On nous fit une courte exhortation: à moi, pour m'engager à
répondre à la grâce que Dieu me faisait; aux autres, pour les
inviter à m'accorder leurs prières et à m'édifier par leurs
exemples. Après quoi, nos vierges étant rentrées dans leur clôture,
j'eus le temps de m'étonner tout à mon aise de celle où je me
trouvais.
    Le lendemain matin on nous assembla de nouveau pour
l'instruction; et ce fut alors que je commençai à réfléchir pour la
première fois sur le pas que j'allais faire, et sur les démarches
qui m'y avaient entraîné.
    J'ai dit, je répète et je répéterai peut-être encore une chose
dont je suis tous les jours plus pénétré: c'est que si jamais
enfant reçut une éducation raisonnable et saine, ç'a été moi. Né
dans une famille que ses mœurs distinguaient du peuple, je n'avais
reçu que des leçons de sagesse et des exemples d'honneur de tous
mes parents. Mon père, quoique homme de plaisir, avait non
seulement une probité sûre, mais beaucoup de religion. Galant homme
dans le monde, et chrétien dans l'intérieur, il m'avait inspiré de
bonne heure les sentiments dont il était pénétré. De mes trois
tantes, toutes sages et vertueuses, les deux aînées étaient
dévotes; et la troisième, fille à la fois pleine de grâce, d'esprit
et de sens, l'était peut-être encore plus qu'elles, quoique avec
moins d'ostentation. Du sein de cette estimable famille je passai
chez M. Lambercier, qui, bien qu'homme d'Église et prédicateur,
était croyant en dedans, et faisait presque aussi bien qu'il
disait. Sa sœur et lui cultivèrent, par des instructions douces et
judicieuses, les principes de piété qu'ils trouvèrent dans mon
cœur. Ces dignes gens employèrent pour cela des moyens si vrais, si
discrets, si raisonnables, que, loin de m'ennuyer au sermon, je
n'en sortais jamais sans être intérieurement touché et sans faire
des résolutions de bien vivre, auxquelles je manquais rarement en y
pensant. Chez ma tante Bernard la dévotion m'ennuyait un peu plus,
parce qu'elle en faisait un métier. Chez mon maître je n'y pensais
plus guère, sans pourtant penser différemment. Je ne trouvai point
de jeunes gens qui me pervertissent. Je devins polisson, mais non
libertin.
    J'avais donc de la religion tout ce qu'un enfant à l'âge où
j'étais en pouvait avoir. J'en avais même davantage, car pourquoi
déguiser ici ma pensée? Mon enfance ne fut point d'un enfant; je
sentis, je pensai toujours en homme. Ce n'est qu'en grandissant que
je suis rentré dans la classe ordinaire; en naissant, j'en étais
sorti. L'on rira de me voir me donner modestement pour un prodige.

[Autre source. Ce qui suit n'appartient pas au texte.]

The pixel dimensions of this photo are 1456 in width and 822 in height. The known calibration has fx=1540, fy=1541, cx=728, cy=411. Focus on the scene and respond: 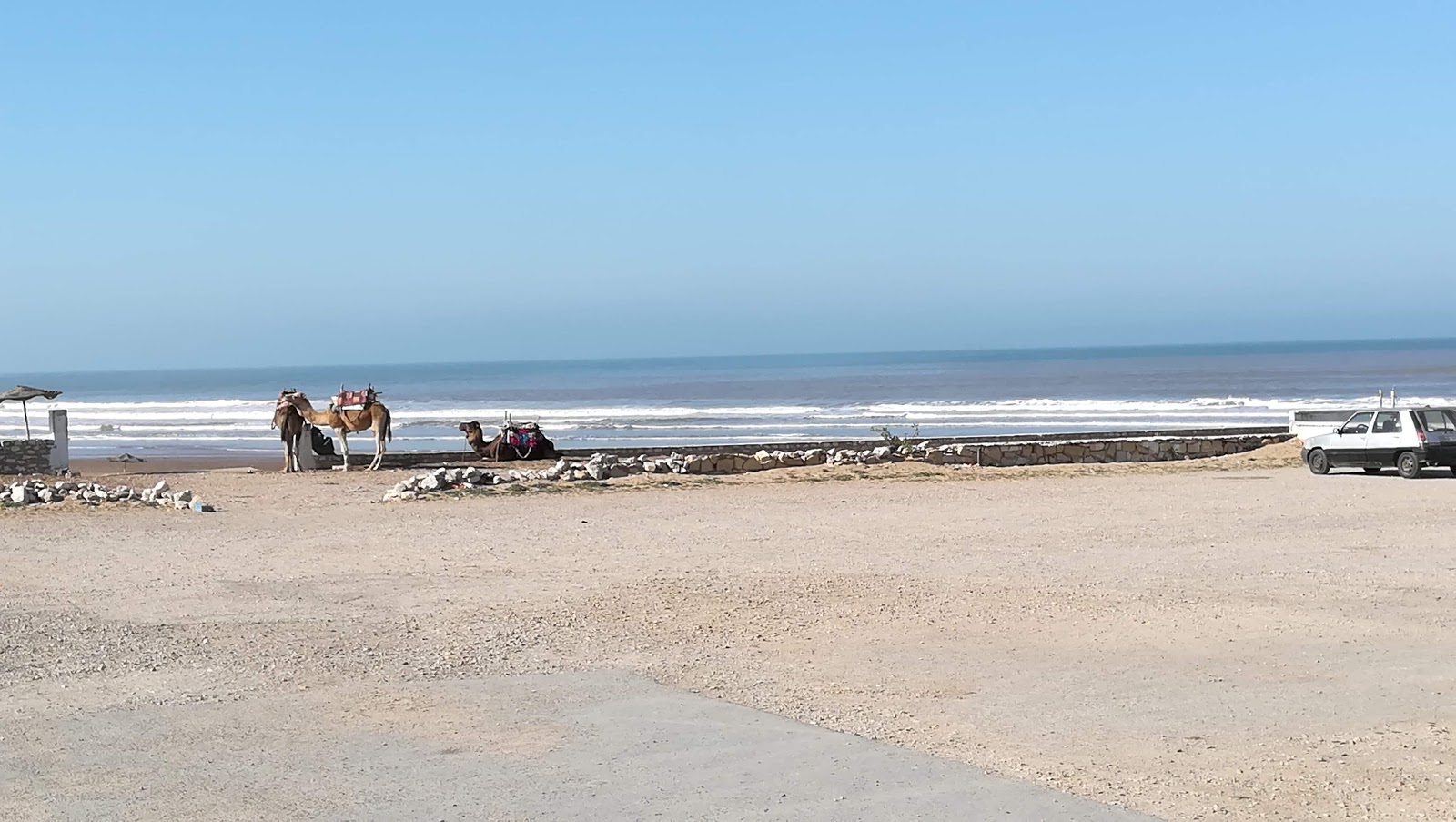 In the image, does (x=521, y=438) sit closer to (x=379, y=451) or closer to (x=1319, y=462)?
(x=379, y=451)

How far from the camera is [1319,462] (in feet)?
73.7

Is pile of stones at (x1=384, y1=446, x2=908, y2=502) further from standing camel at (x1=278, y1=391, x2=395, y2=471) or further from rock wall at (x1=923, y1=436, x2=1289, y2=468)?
standing camel at (x1=278, y1=391, x2=395, y2=471)

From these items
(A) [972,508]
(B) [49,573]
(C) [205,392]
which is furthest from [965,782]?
(C) [205,392]

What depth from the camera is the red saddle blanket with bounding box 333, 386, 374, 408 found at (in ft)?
86.5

Soit: mais quand on aura bien ri, qu'on trouve un enfant qu'à six
ans les romans attachent, intéressent, transportent au point d'en
pleurer à chaudes larmes; alors je sentirai ma vanité ridicule, et
je conviendrai que j'ai tort.
    Ainsi, quand j'ai dit qu'il ne fallait point parler aux enfants
de religion si l'on voulait qu'un jour ils en eussent, et qu'ils
étaient incapables de connaître Dieu, même à notre manière, j'ai
tiré mon sentiment de mes observations, non de ma propre
expérience: je savais qu'elle ne concluait rien pour les autres.
Trouvez des Jean-Jacques Rousseau à six ans, et parlez-leur de Dieu
à sept, je vous réponds que vous ne courez aucun risque.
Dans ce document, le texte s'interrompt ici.